Resulta errático proponer una nueva constitución, sin mejor educación, sin una nueva ciudadanía. El soberano, el pueblo, necesita empoderarse para delegar responsablemente el poder, de modo que luego pueda confiar en la representatividad de quienes eligió para forjar un nuevo contrato social más inclusivo. Y ello pasa por auto-conocernos mejor, reconocer qué metas y anhelos compartimos como sociedad, y afinar nuestros métodos o mecanismos para llegar a acuerdos fundamentales para avanzar en esa ruta, y formas de asegurar su cumplimiento.
Se trata de desarrollar “capacidades deliberantes para una comprensión más profunda de los principios y procedimientos mediante los cuales la reforma o el cambio constitucional pueden ocurrir de manera que refuercen los derechos y libertades fundamentales y un equilibrio adecuado entre los poderes públicos, generando un nuevo pacto que estructure la relación entre los poderes del estado sin que esto signifique un retroceso en materia de derechos constitucionales, libertades republicanas, y gobernabilidad” (Cameron y Sosa, 2021: 28 y 29). Sin esto, un nuevo texto constitucional será producto de la imposición de una agenda, antes que el resultado de un consenso en diálogo, sobre la base de valores, principios y evidencia.

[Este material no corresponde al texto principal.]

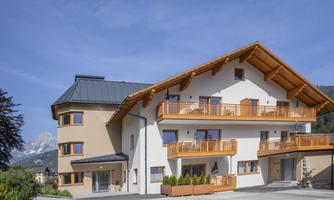 A modern house with wooden cladding and several balconies. The surroundings are mountainous and offer a clear view.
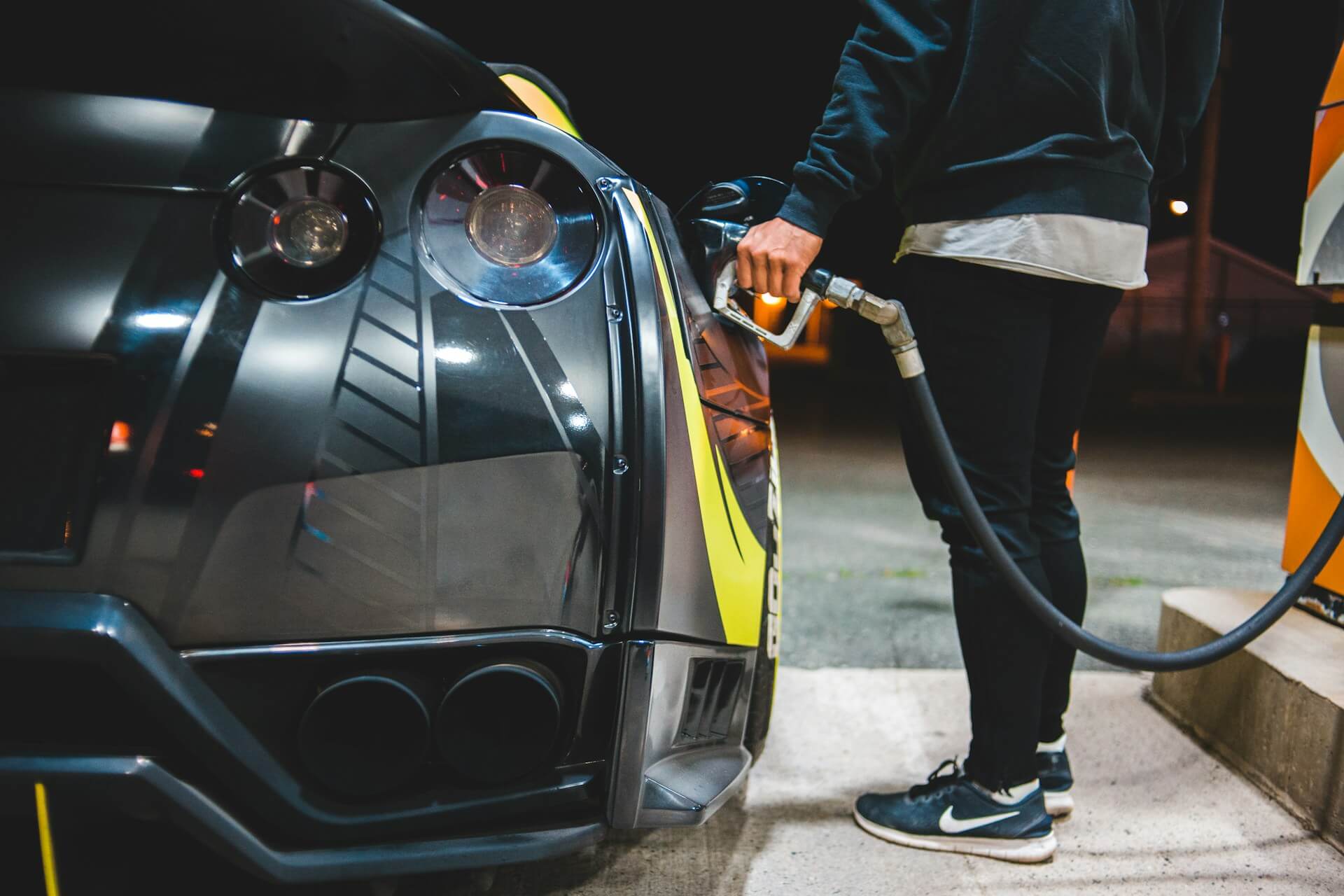 Man pumping gas into sports car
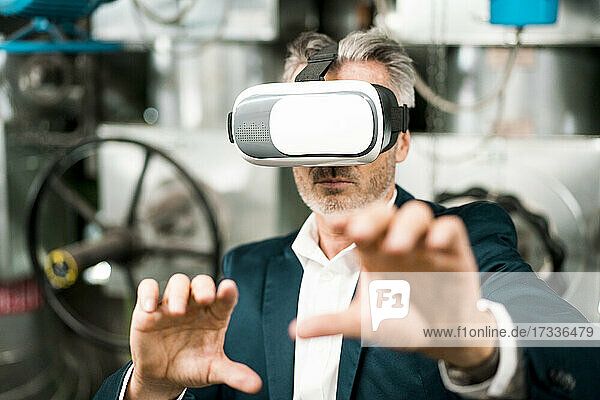 Geschäftsmann gestikuliert bei der Verwendung eines Virtual-Reality-Headsets in einem Workshop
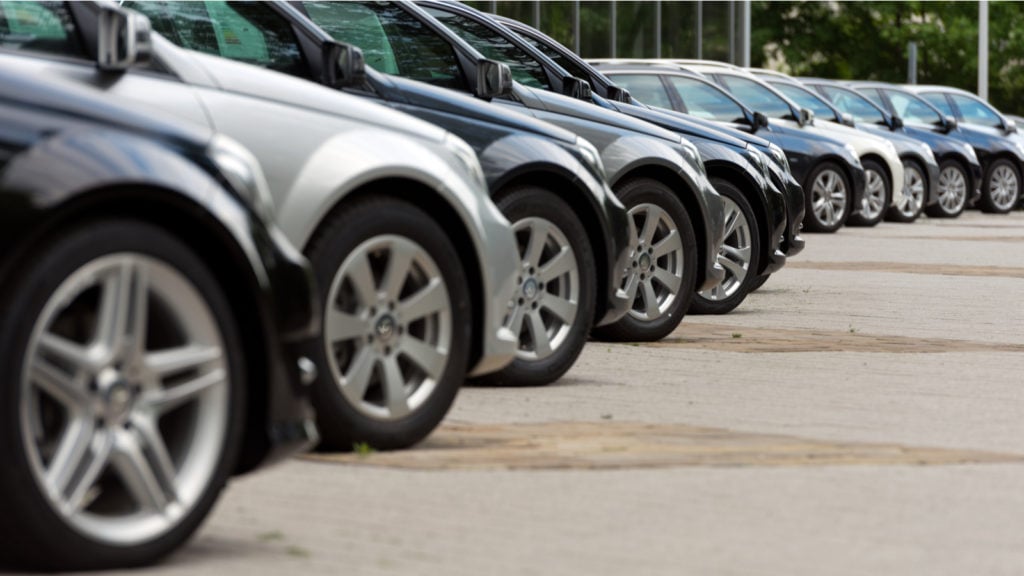An angled side view of a row of parked cars.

Sugiero tener en cuenta “una advertencia para la ciudadanía que responsablemente ve en la constituyente una salida a la crisis: los costes de una asamblea controlada por grupos de poder en la sombra o por políticos cortoplacistas son mucho peores que el mal que buscan resolver” (Sosa 2020). Hay aspectos valiosos y que ameritan defenderse de la actual Constitución, como hay puntos debatibles, según mi entender.
¿Qué hacer? La confianza es difícil de construir o recuperar y fácil de perder, pero debe hacerse. Debe construirse legitimidad y generarse confianza, así sea de a pocos. La empatía es clave. Pero no solo con quienes protestamos, pues hay que escuchar allí sí, sino también con quienes sufrimos las consecuencias de estas acciones: las víctimas físicas de la violencia (sea policial/militar o de manifestantes -o del enfrentamiento-, casos de peruanxs que ven afectada su salud) y quienes padecen pérdidas económicas (altas también, medios de trabajo perjudicados) u otras, producto de estos enfrentamientos.
Se necesita gobernantes y gestores que, articuladamente, sean capaces de ir del escritorio al territorio, y viceversa. En el territorio, observar, escuchar, mirar, sentir y recoger todo aquello que amerita ser incluido en la toma decisiones, además de aproximar o acercar el estado a la población. En el escritorio, procesar fríamente esos datos, mirarlos con cuidado y detenimiento, y utilizarlos creativamente para diseñar soluciones innovadoras, novedosas e inclusivas. En el territorio validar, identificar ajustes que haya que hacer en la implementación cuando se encuentra lo planificado con los escenarios territoriales. Y así hasta ir resolviendo ese desencuentro entre quienes deciden y quienes reciben, entre quienes gobiernan y son gobernados, pues al final es el pueblo el soberano, el que decide, y las técnicas y herramientas de gestión y gobierno están a su servicio.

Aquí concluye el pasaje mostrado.